(TASK OBJECTIVE): Restate the following data in its entirety, word for word and without images.

(SOURCE MATERIAL):
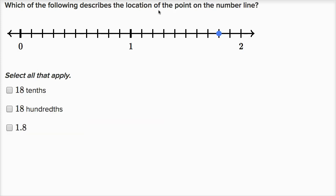They say: which of the following describes the location of the point on the number line? I have one, and then between one and two I've divided it into ten equal spaces. So each of these tick marks, or hash marks, is going to be a tenth. Counting up: one and zero tenths, one and one tenth, up through one and eight tenths. So one and eight tenths is the same thing as 1.8.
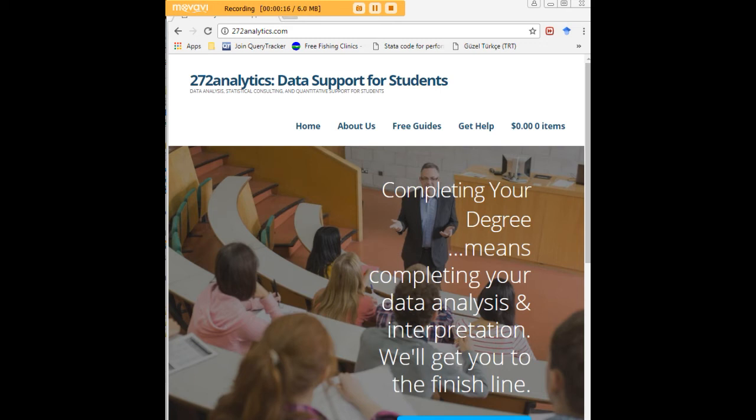Here at 272analytics.com, we provide data consulting primarily to graduate students. Therefore, we work very closely with you in order to perfect your Chapter 3 and Chapter 4.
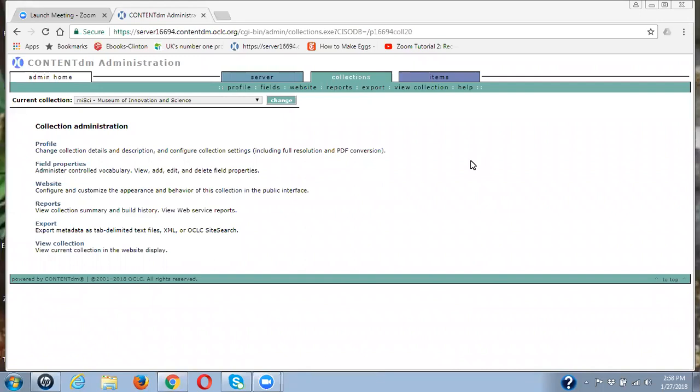Hi, this is Olga Morse from CDLC. The question I'd like to answer today with this video is how to find control vocabulary terms in a field that you did not want there.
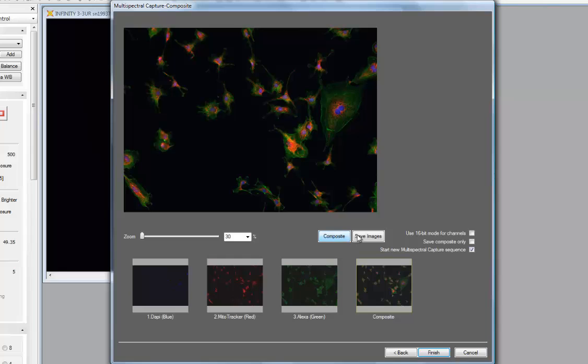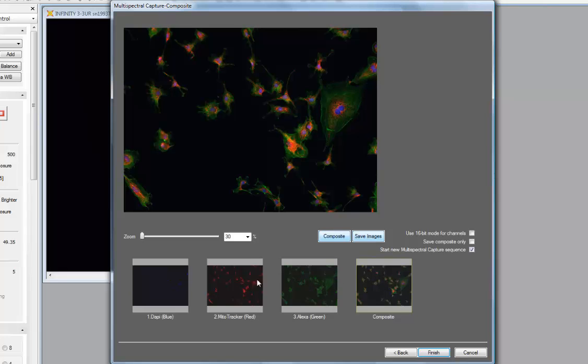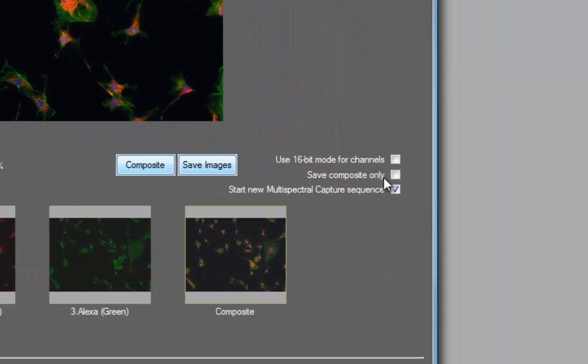At this point, my next logical step would be to save images. If I click on this button, a save dialog will appear, giving me a choice of file name and file type to use to save the composite image and the individual channels that made up that composite, if desired. If I click this option here, save composite only, then only the composite will be saved, and my individual channels would not.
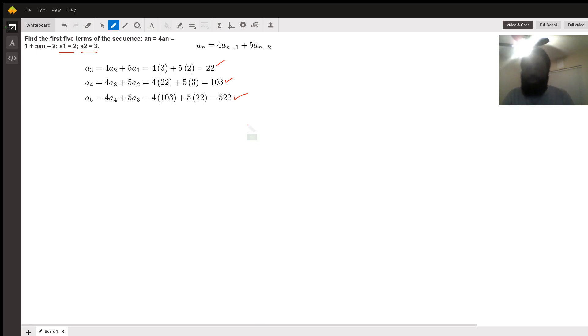And that's all there is to it. I hope this helped. My name is Tim. Thank you.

(OUTPUT FOR THIS TASK):
They say: which of the following describes the location of the point on the number line? I have one, and then between one and two I've divided it into ten equal spaces. So each of these tick marks, or hash marks, is going to be a tenth. Counting up: one and zero tenths, one and one tenth, up through one and eight tenths. So one and eight tenths is the same thing as 1.8.
Here at 272analytics.com, we provide data consulting primarily to graduate students. Therefore, we work very closely with you in order to perfect your Chapter 3 and Chapter 4.
Hi, this is Olga Morse from CDLC. The question I'd like to answer today with this video is how to find control vocabulary terms in a field that you did not want there.
At this point, my next logical step would be to save images. If I click on this button, a save dialog will appear, giving me a choice of file name and file type to use to save the composite image and the individual channels that made up that composite, if desired. If I click this option here, save composite only, then only the composite will be saved, and my individual channels would not.
And that's all there is to it. I hope this helped. My name is Tim. Thank you.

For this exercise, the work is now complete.